- Portrayed by: Anne Scott-Pendlebury
- Duration: 1987–1990, 2005, 2015–2018, 2023–2025
- First appearance: 25 June 1987
- Last appearance: 5 November 2025
- Created by: Reg Watson
- Introduced by: Reg Watson (1987); Don Battye (1988); Ric Pellizzeri (2005); Jason Herbison (2015);

= Hilary Robinson =

Fictional character from Neighbours

Hilary Robinson is a fictional character from the Australian soap opera Neighbours, played by Anne Scott-Pendlebury. The character first appeared on-screen during the episode broadcast on 25 June 1987. Hilary departed the show on 28 February 1990, following Scott-Pendlebury's decision to quit in 1989. Scott-Pendlebury reprised her role in 2005 for the serial's 20th anniversary episode, and again in February 2015 ahead of the 30th anniversary. Writers established that Hilary is back living in Erinsborough, so she could continue to make sporadic appearances until 2018, and returned again in 2023. Hilary was added to the show's opening titles in April 2025, and made her final appearance on 5 November 2025, shortly before the show's conclusion.

Hilary is characterised as a bossy and meddling woman who lacks romance and seeks comfort interfering with her Neighbours' personal lives. Hilary's main storyline was mothering an illegitimate child, Matt Robinson (Ashley Paske). He arrives in Erinsborough to forge a relationship with his birth mother. The character's "hard-edged approach to life" mellowed during the storyline.

==Casting==
Scott-Pendlebury joined the cast in 1987 for Scott Robinson (Jason Donovan) and Charlene Mitchell's (Kylie Minogue) wedding. The actress commented, "Hilary would then turn up at Christmas and weddings, as annoying relatives do!"

==Development==
===Characterisation===

Hilary Robinson was like an older Julie – on the surface, a very nice person who genuinely wanted to help others. But those very do-gooder qualities were what drove everyone up the wall. Hilary was an organiser of other people's lives. She liked to take over and manipulate, always for the other person's "good". Her intentions were the best, but the way she carried them out was often infuriating.
Hilary is characterised as a "stuffy and proper" woman and not an ideal mother figure. Her bossy manner and liking to organise everyone's lives angers other characters. This surprises Hilary because she never sets out to offend others and is not vindictive. She is an honest person which is important to her, though others perceive it as tactlessness. Hilary enjoys meddling in other people's personal lives. She does so because she lacks romance in her own life and does not have male friends. The character does have a neat and attractive dress style, but men become alarmed by her bossy tendencies. Hilary also believes that men only want sex and is wary of any attention.

In 2024, Pendlebury recalled that Hilary was quite an unpleasant character from her introduction.
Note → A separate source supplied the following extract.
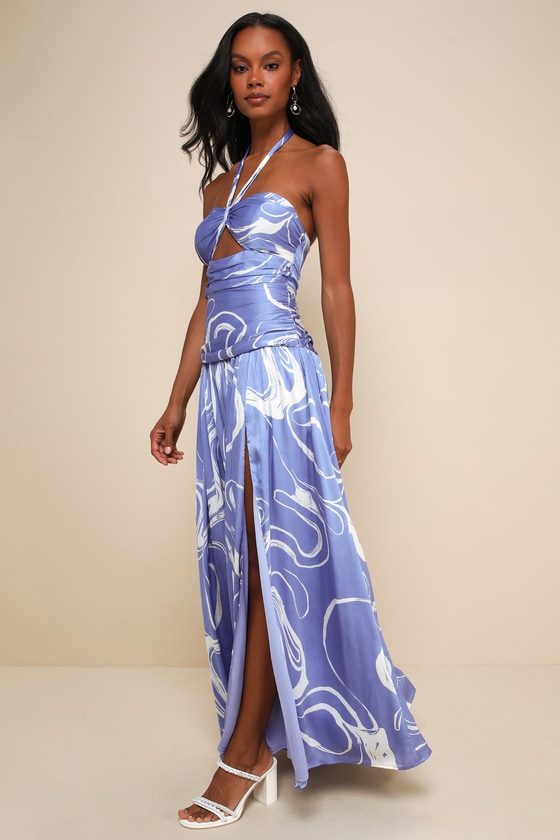 Lulus Ultimate Desire Periwinkle Abstract Print Satin Maxi Dress In Purple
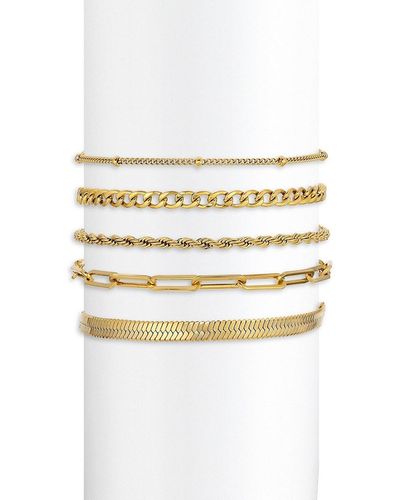Eye Candy LA Luxe Victoria 5-piece Goldtone Chain Bracelet Set - White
She described her initial dialogue as being "uncomplimentary" towards Charlene. When Hilary returns as a "much older woman", Pendlebury believed she is "no more likeable than she was" then. Pendlebury revealed that some of Hilary's clothing she wears in 2024 were part of Hilary's original wardrobe. She was shocked that production had kept them stored for more than thirty years. She revealed that "the cardigans are all the same and I just seem to slip back comfortably into them."

===Introduction and family===
Hilary was introduced into the show as the cousin of Jim Robinson (Alan Dale). She arrives in Ramsay Street to attend Scott Robinson and Charlene Mitchell's wedding. Her first storyline saw her nearly exposing the secret that relative Paul Robinson (Stefan Dennis) has married Gail Lewis (Fiona Corke) for business reasons after spying on them. Dennis later recalled the storyline as one of his favourites because "it was just silly, fun stuff to play."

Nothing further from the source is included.